▶ [Action item]: In the entries below, find the line with "Foto 6 pulgar" and the line with "Winter Thick Warm", then retype both and everything between them exactly. Do not copy the pictures.

▶ [Task data]:

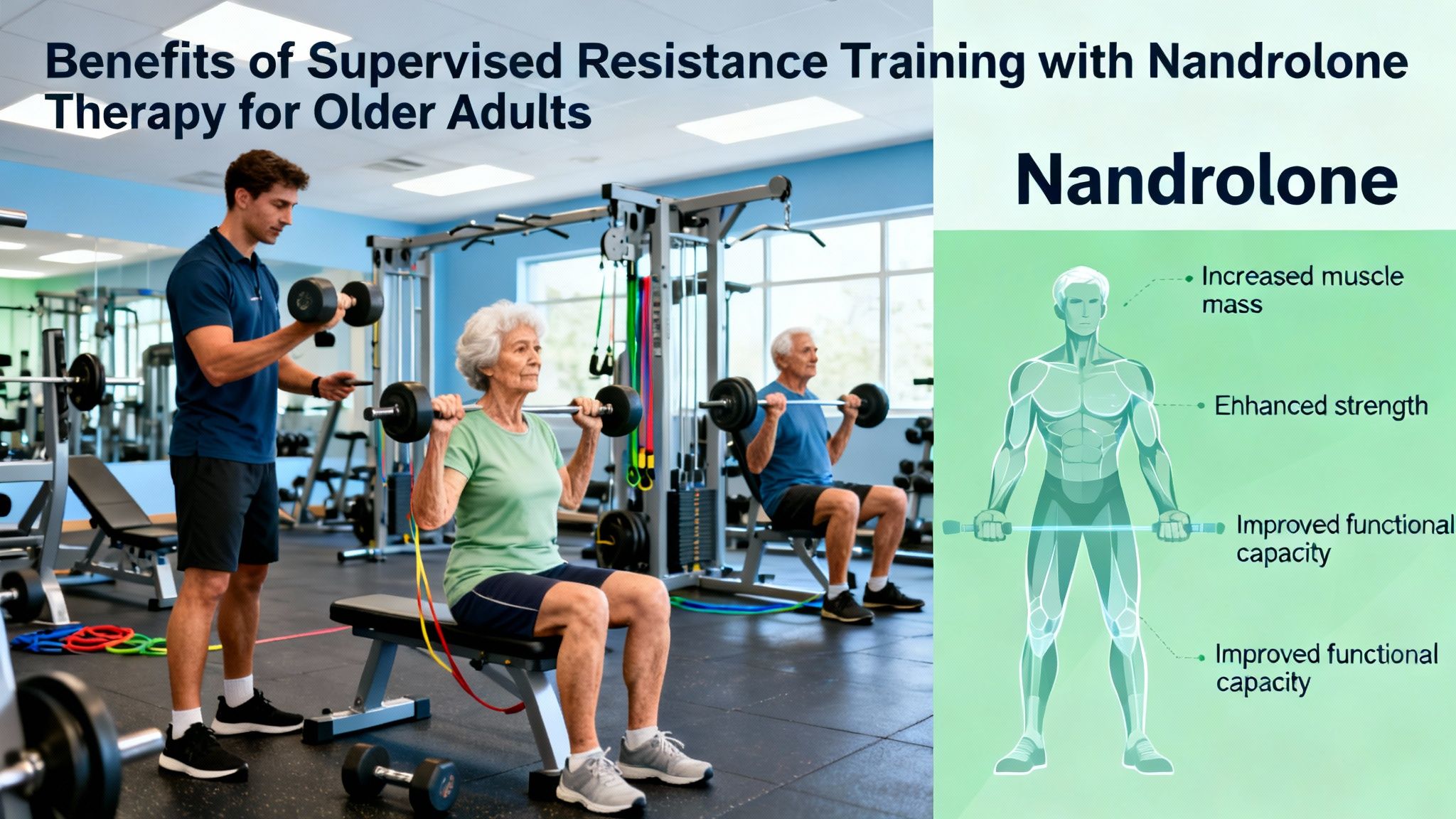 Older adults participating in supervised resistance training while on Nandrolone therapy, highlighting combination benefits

--

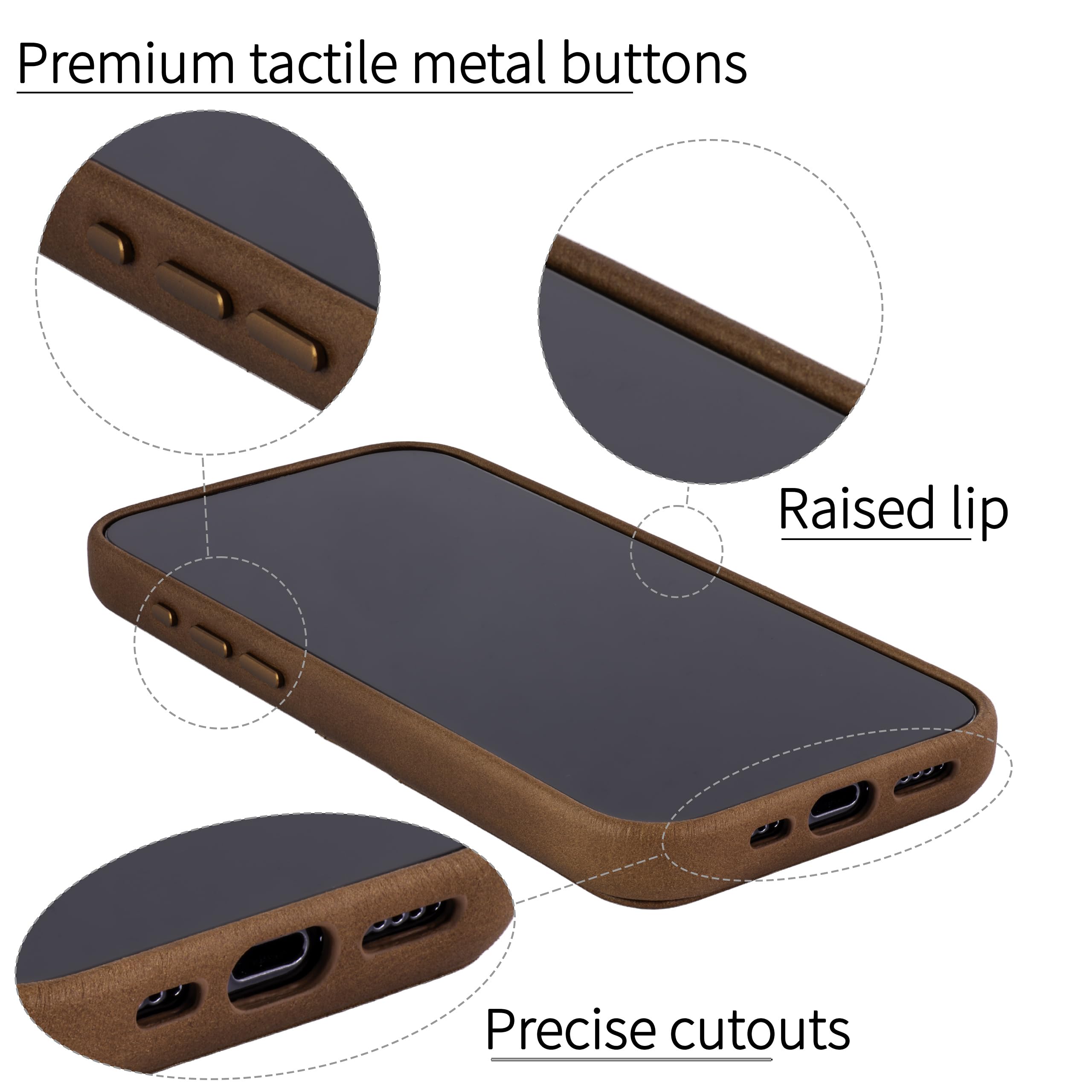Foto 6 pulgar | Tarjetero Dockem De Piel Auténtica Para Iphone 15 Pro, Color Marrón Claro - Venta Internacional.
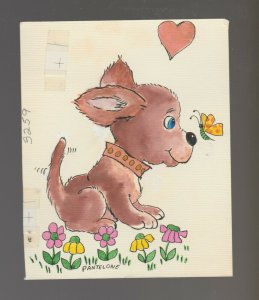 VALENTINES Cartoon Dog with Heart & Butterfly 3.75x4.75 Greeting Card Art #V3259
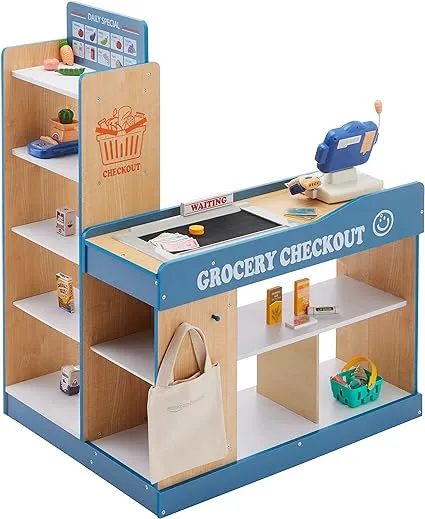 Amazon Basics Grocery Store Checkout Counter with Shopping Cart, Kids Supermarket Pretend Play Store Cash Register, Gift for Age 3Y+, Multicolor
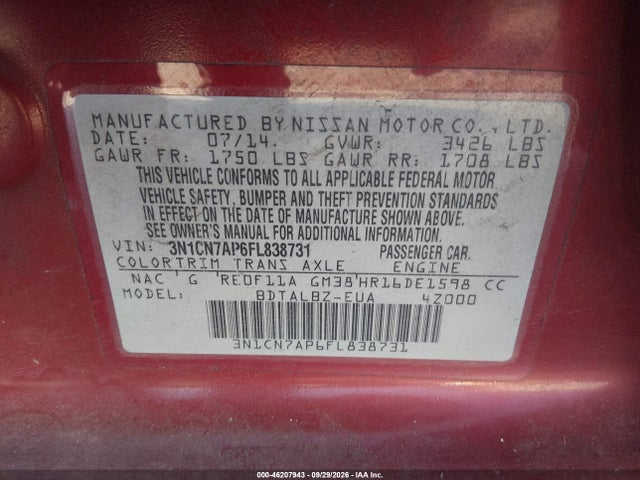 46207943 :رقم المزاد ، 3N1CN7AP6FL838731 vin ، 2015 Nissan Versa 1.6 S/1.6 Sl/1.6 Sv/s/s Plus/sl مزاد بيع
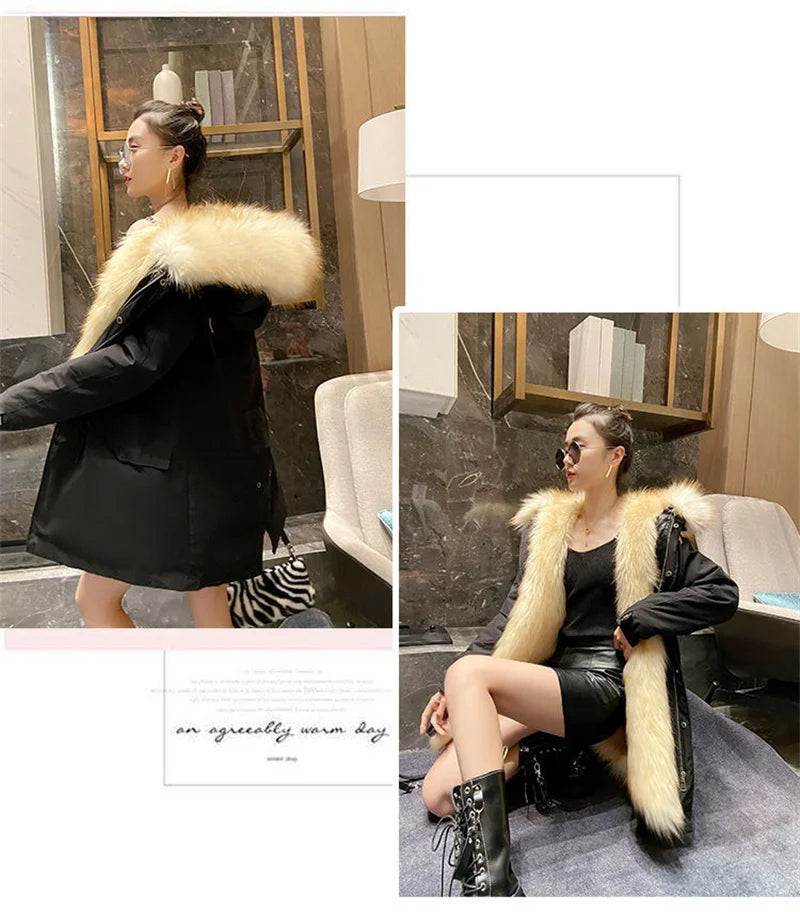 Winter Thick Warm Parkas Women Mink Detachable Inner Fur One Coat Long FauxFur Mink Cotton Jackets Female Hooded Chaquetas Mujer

▶ [Written reply]:
Foto 6 pulgar | Tarjetero Dockem De Piel Auténtica Para Iphone 15 Pro, Color Marrón Claro - Venta Internacional.
 VALENTINES Cartoon Dog with Heart & Butterfly 3.75x4.75 Greeting Card Art #V3259
 Amazon Basics Grocery Store Checkout Counter with Shopping Cart, Kids Supermarket Pretend Play Store Cash Register, Gift for Age 3Y+, Multicolor
 46207943 :رقم المزاد ، 3N1CN7AP6FL838731 vin ، 2015 Nissan Versa 1.6 S/1.6 Sl/1.6 Sv/s/s Plus/sl مزاد بيع
 Winter Thick Warm Parkas Women Mink Detachable Inner Fur One Coat Long FauxFur Mink Cotton Jackets Female Hooded Chaquetas Mujer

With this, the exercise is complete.